There has been a spate of recent high-profile airline crashes (Malaysia Airlines, TransAsia Airways, Germanwings,...) so I was surprised when I saw a time series plot of the number of airline crashes by year, which indicates that the annual number of airline crashes has been decreasing since 1993. The data show that the annual number of crashes in recent years is about half of the number from 20 years ago.
A flow diagram that visualizes airline crash data
The series plot appeared in Significance magazine as part of an interview with designer David McCandless, who produces infographics about data. McCandless has recently published a new book titled Knowledge is Beautiful, which includes the following infographic (click to enlarge). The time series plot appears in the upper left. The main portion of the infographic presents information about the causes of commercial air crashes from 1993–2013. In addition to the cause of the crash, McCandless shows the "phase of flight" (take-off, en route, landing) during which the disaster occurred.

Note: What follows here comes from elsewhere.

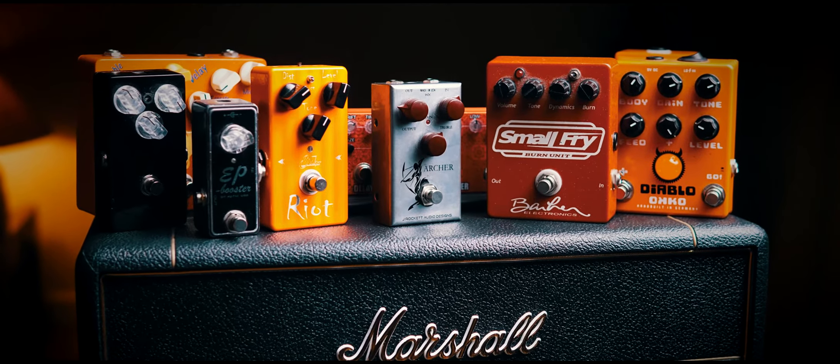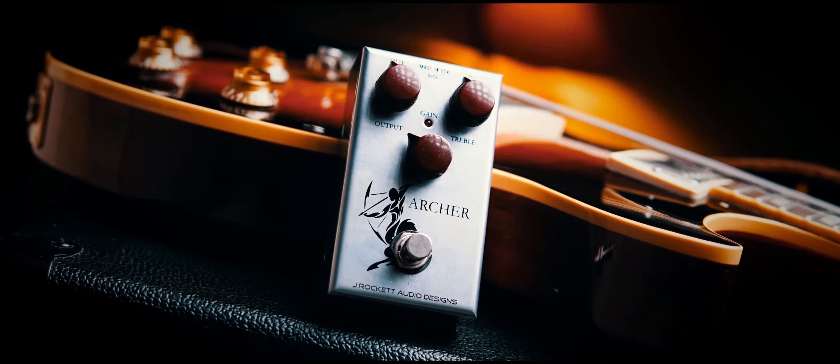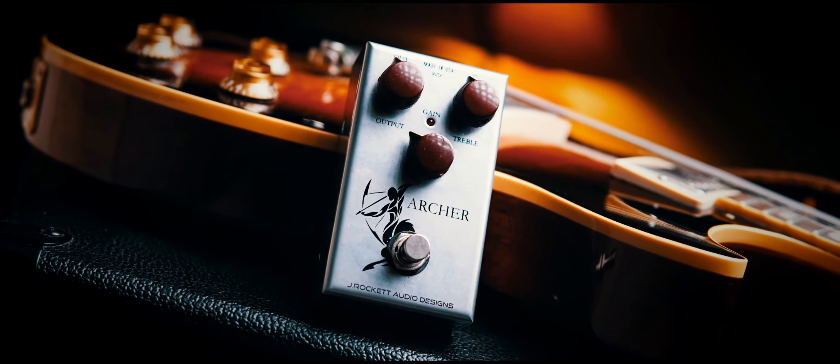This is every drive pedal I currently have access to, including the J-Rocket Archer, which I'm going to start with.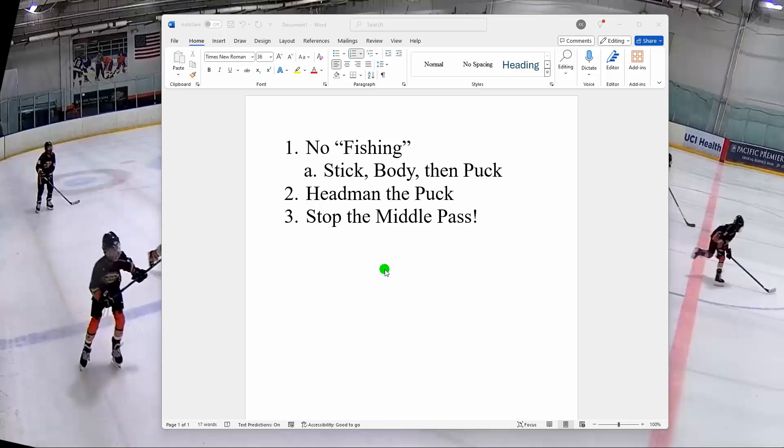I just want to emphasize: when you get the puck, you look for somebody to pass it. If there's no one to pass it to, then you skate. It's not skate first and then pass if you run out of options — it's pass first.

In general, infographics are designed to appeal as well as to inform. In the article, McCandless says that he is trying to show "the links, connections and relations between things." His goal is to "mediate between the data and the audience" so that people "pay attention" to the data. Many statisticians share that goal, with a possible difference being that statistical graphics attempt to objectively represent the data so that the data speak for themselves.
McCandless's goal is to create beautiful infographics (and he has succeeded!), but I would like to propose an alternative visualization of these data that trades beauty for compactness.
I have two main issues with McCandless's "flow diagram," which is reminiscent of a Sankey diagram. The first is that it uses a lot ink to display the relationship between "Cause" and "Phase," which are each five-level categorical variables. A standard frequency analysis would display this data in a 5x5 table or visualize it with a tile-based plot with 25 tiles. I don't think that Edward Tufte would approve of McCandless's plot. Unlike Tufte's favorite plot—Minard's "Napoleon’s March to Moscow", which uses a similar design—there is no temporal or geographic change for these data. The "flow" through the various "pipes" merely represents conditional frequencies.
My second objection is simply that some of the blocks in the diagram are the wrong sizes. The area of the blocks is supposed to be proportional to the number of crashes in each category. Notice that the bottom row is properly scaled: If you stack the "take-off" and "en route" boxes, which account for 50% of the cases, they approximately equal the area of the "landing" box. However, some boxes are not proportional to the frequency that they represent:
- The top block represents 100% of the crashes, but its area is too big compared to the cumulative areas of the blocks in the "Causes" or "Phase" row.
- The "Human Error" block (48%) is too big within its row. The other blocks on the "Causes" row account for 51% of the cases, so the sum of their areas should be greater than the area of the "Human Error" block.
- The "Human Error" block (48%) is too big across rows. It is much larger than the "Landing" block in the bottom row, which represents 49% of the cases.
Visualizing airline crashes with a mosaic plot
At the risk of building a glass house after hurling those stones, I suggest that a mosaic plot is a standard statistical graphic that can display the same air crash data. You can download the data from McCandless's web site. The data needs a little data cleansing before you can analyze it, and I have provided my SAS program that creates the mosaic plot and other related plots. McCandless's diagram uses data through mid-2013, whereas the mosaic plot uses data through March 2015.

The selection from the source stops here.